In Kazakhstan, between 2007 and 2011, Sanofi sales managers and distributors facilitated a bribery scheme to generate funds from which bribes were paid to health care professionals to ensure that Sanofi was awarded tenders.  Sanofi representatives tracked the bribes and funding scheme using internal spreadsheets and used a code “marzipans” to reference bribe payments.

Sanofi’s senior managers in Kazakhstan funded the bribery scheme through discounts and credit notes to several distributors who colluded with senior managers to kick back funds to Sanofi employees in Kazakhstan, which in turn were used to pay Kazakh physicians.  The credit notes were exchanged, in some cases, for cash.

The illicit scheme was funded through several steps – first, the sale price between Sanofi and the distributor for a winning tender included a pre-set discount or credit note from the sale price between the distributor and the public distributor; second, from the discount or credit note, Sanofi and the distributor designated a portion for bribes to Kazakh officials; and third, the distributor then kicked back those funds to Sanofi employees who then delivered the illicit proceeds to Kazakh officials.

Sanofi had no standardized commercial policy for distributor discounts and did not review the discounts provided by local management.  Sanofi’s Kazakhstan office earned profits of $11.5 million from the bribery scheme.

In the Levant region, from 2011 to 2013, Sanofi employees and agents used a variety of schemes to pay physicians to increase Sanofi prescriptions.  They used sponsorships, gifts, donations, product samples, consulting agreements, peer-to-peer meetings, clinical studies and grants.  They focused on top selling Sanofi products in the region.  The schemes were carried out throughout the region and included government and private hospitals.

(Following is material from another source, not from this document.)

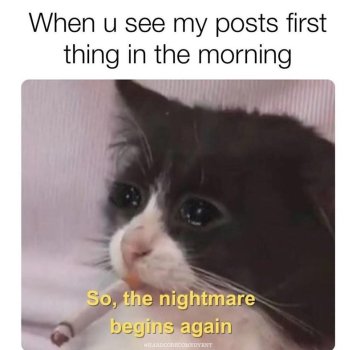 1748041919089.jpeg
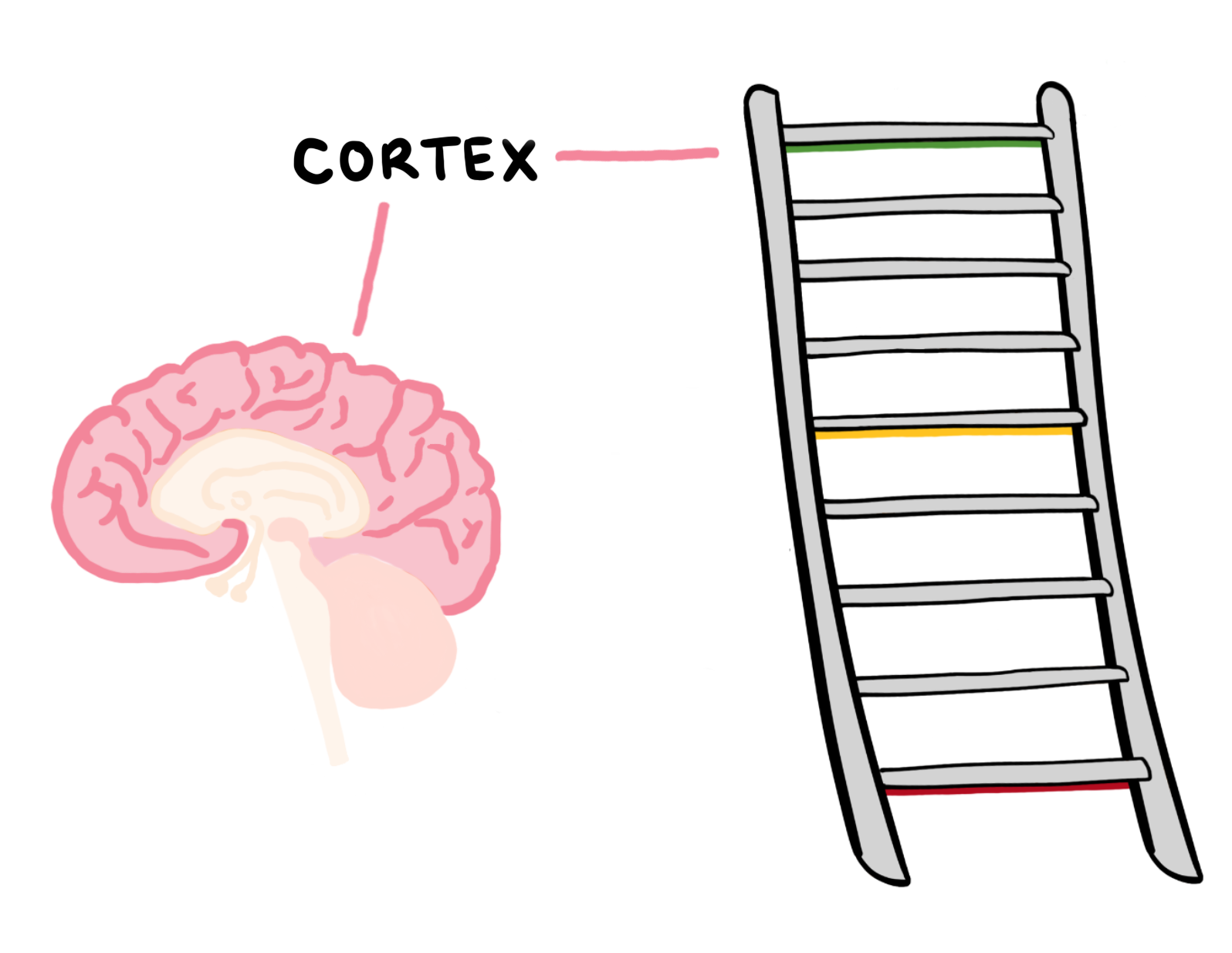 cortex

Sanofi concentrated its bribes on a single physician at a large public hospital in Jordan.  In 2012, the physician requested 24 vials of an expensive cancer treatment drug.  There was no justification for giving the product samples to the physician.  In addition to the samples, Sanofi provided the physician with consulting, speaking and clinical trial fees over a period of years despite the absence of any documentation confirming he had in fact provided any services.  In one case, the physician asked Sanofi to pay an unrelated individual for the physician fees, and Sanofi did so.

Sanofi earned approximately $4.2 million in profits from its illegal conduct in the Levant region.

In the Gulf area, Sanofi bribed officials from 2012 to 2015 at public hospitals and clinics to increase prescriptions of Sanofi products.  Sanofi submitted false travel and entertainment reimbursement claims, received payments for these claims and pooled the money and distributed the funds to health care professionals.

Sanofi “conducted” fake round table meetings with health care professionals and created fake receipts with the help of vendors who offered fake receipts.  The medical representatives then submit doctored (no pun intended) receipts for reimbursements.  The sales manager approved the request and the medical representatives were paid, and then turned the money over to the sales manager who pooled the money to create a slush fund to pay physicians for increasing prescriptions of Sanofi medications.

One medical representative estimated that 70 percent of travel and expense reimbursement submissions were part of the scheme, totaling approximately $4 million.  Sanofi’s Internal Audit unit identified the weaknesses in the reimbursement controls but nothing was ever done to remediate the situation.

Sanofi derived profits of approximately $1.755 million from the scheme in the Gulf countries.

To remediate its compliance program, Sanofi terminated 121 employees, including senior local managers, accepted resignations from 14 employees and disciplined 49 employees.  Sanofi improved its controls over health care professional expenditures, enhanced the operations of its local compliance committees, and placed local compliance officers in high-risk markets.